Does tensor rt 5 automatically enable tensor core for int8 and fp16 mode?

Hi,

from https://devblogs.nvidia.com/tensorrt-integration-speeds-tensorflow-inference/, it seems tensor core is automatically enabled when the model is configured in int8 or fp16 mode. The article shows a python example as well.

May I know if tensor core could also be turned on when I use the C++ API?

virtual void setInt8Mode(bool mode) = 0;
and
virtual void setFp16Mode(bool mode) = 0;

Thanks!

Hello,

Yes, you choose to set both INT8 and FP16 mode if the platform supports it. TensorRT will choose the most performance optimal kernel to perform inference. For more information, please reference:

https://docs.nvidia.com/deeplearning/sdk/tensorrt-developer-guide/index.html#mixed_precision_c

Thanks for the confirmation.

Also two related question:

If my model weight is trained in FP32, will tensorrt automatically convert the weight during FP16 mode?

Also if my plugins for the model are all implemented in FP32, can FP16 still be used for the non-plugin stages (e.g. convolution)?

Thanks!

Hello,

TRT will convert if you specify FP16 to the builder.

Thanks, what about plugin implementation, will tensorrt run default layers in FP16 mode and then run customized layers in FP32 mode?

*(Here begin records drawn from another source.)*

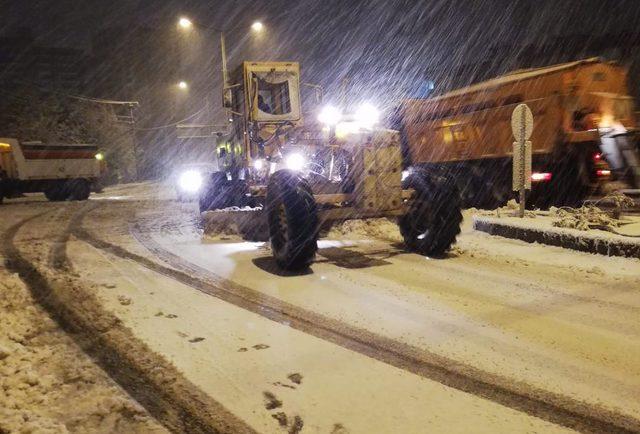 Mardin'de buzlanma nedeniyle 25 araç kaza yaptı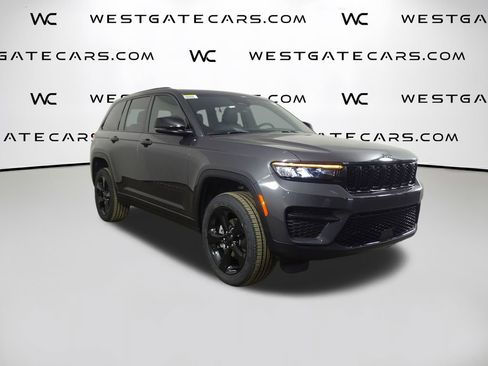 New 2025 Jeep Grand Cherokee Altitude image 2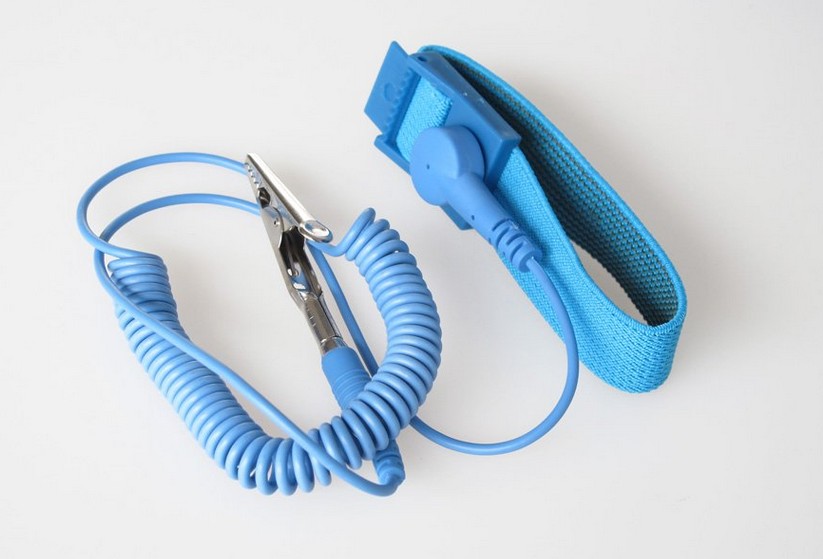 Hot Sale Brand Anti Static Wrist Strap Discharge Band Grounding Prevent Static Shock
Hot Sale Brand Anti Static Wrist Strap Discharge Band Grounding Prevent Static Shock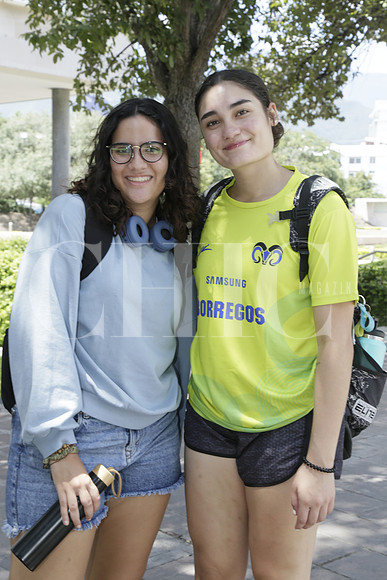 Gabriela Conde y Julia Rubio
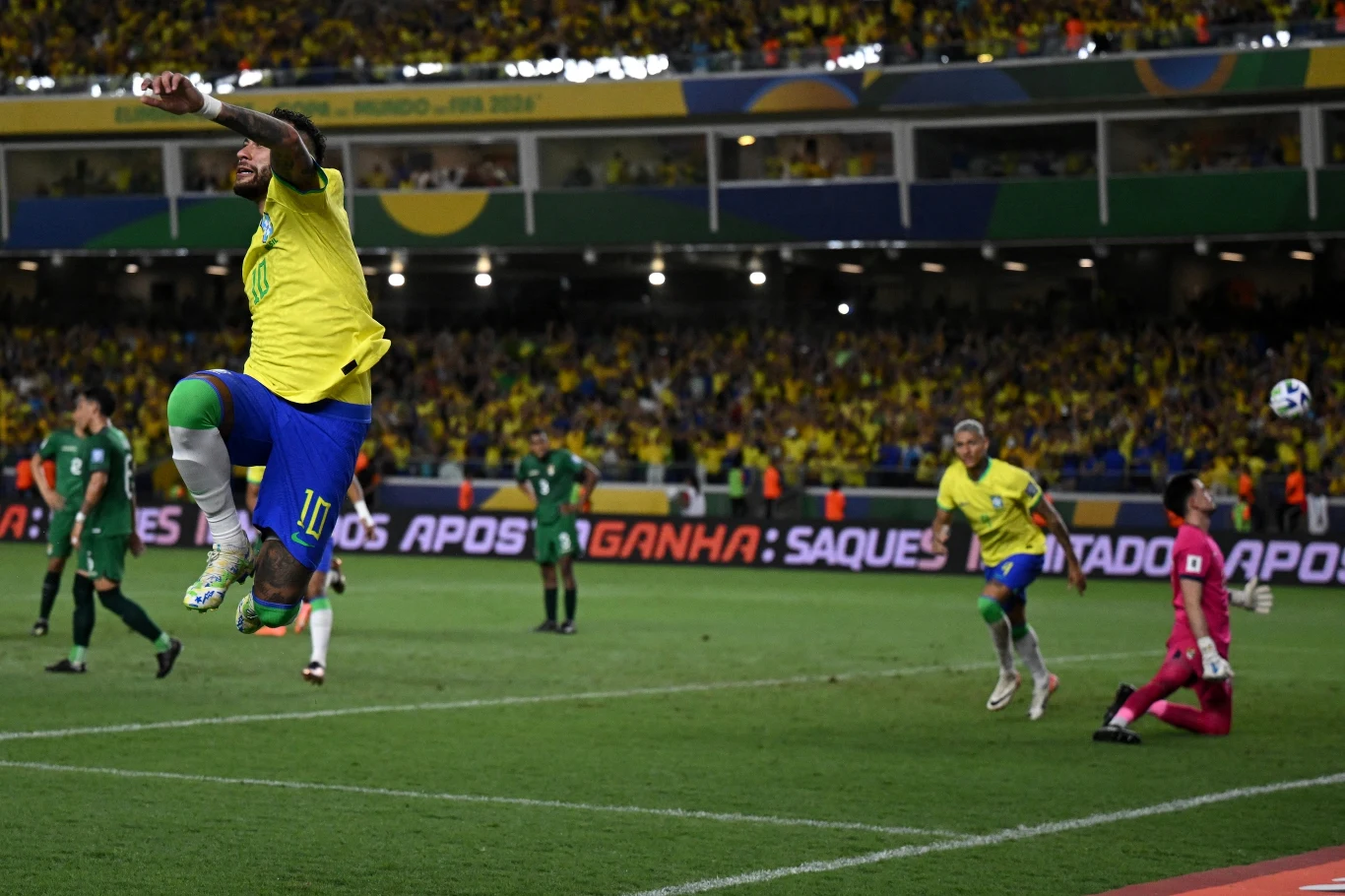 Neymar w meczu Brazylii z Boliwią Neymar w meczu Brazylii z Boliwią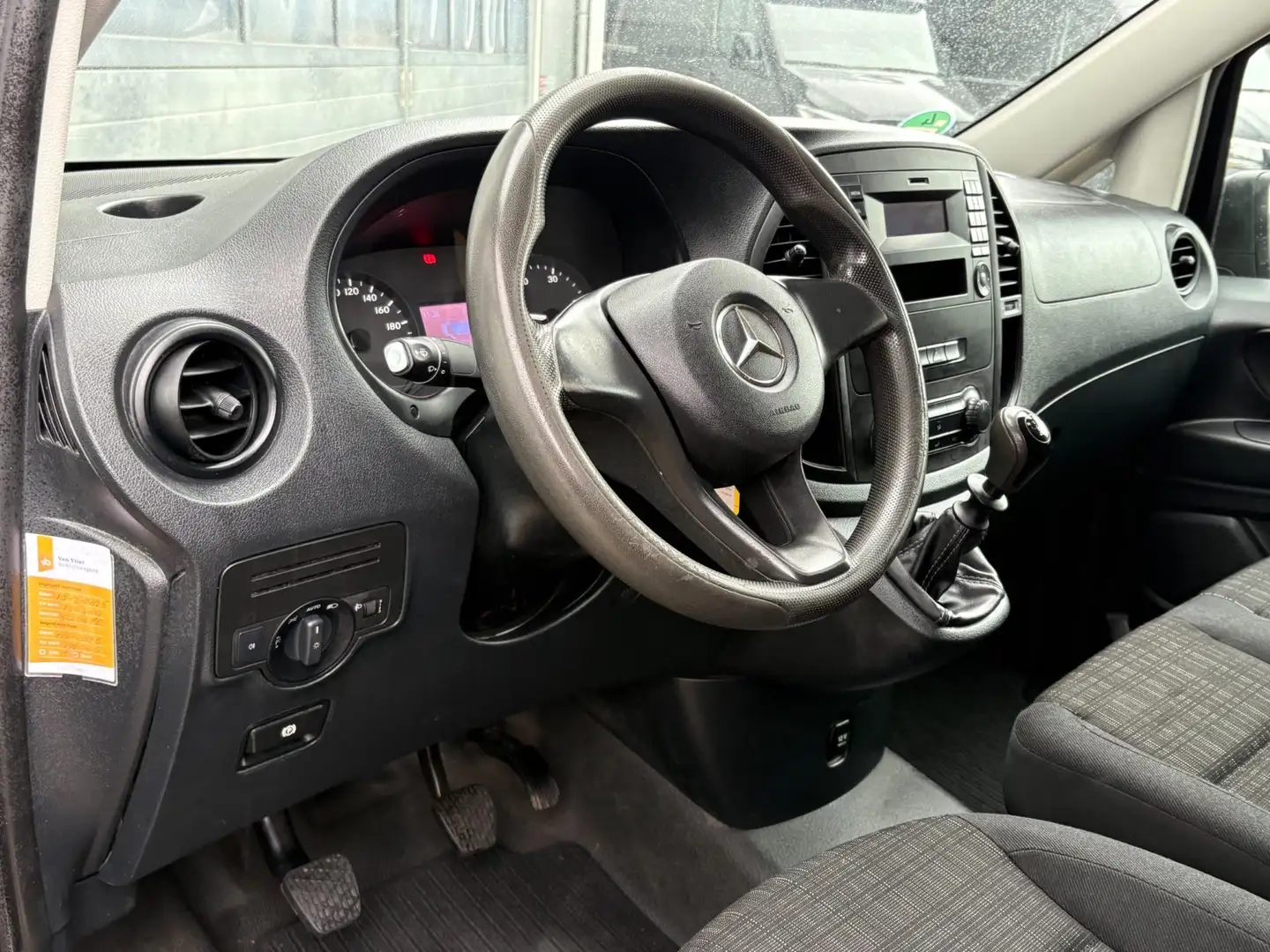 Mercedes-Benz Vito 111CDI 114pk Lang Airco LEEST TEKST! Negro - 2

Hi cjluo, Have you figured out whether tensorrt runs plugin in FP16 mode? I am trying to run my custom plugin in FP16 mode, but seems there’s some technical issues with plugin implementation. I am wondering if we need to manually to do data type conversion.

I think the custom layers are still by default FP32. I haven’t spent time on FP16 plugins yet.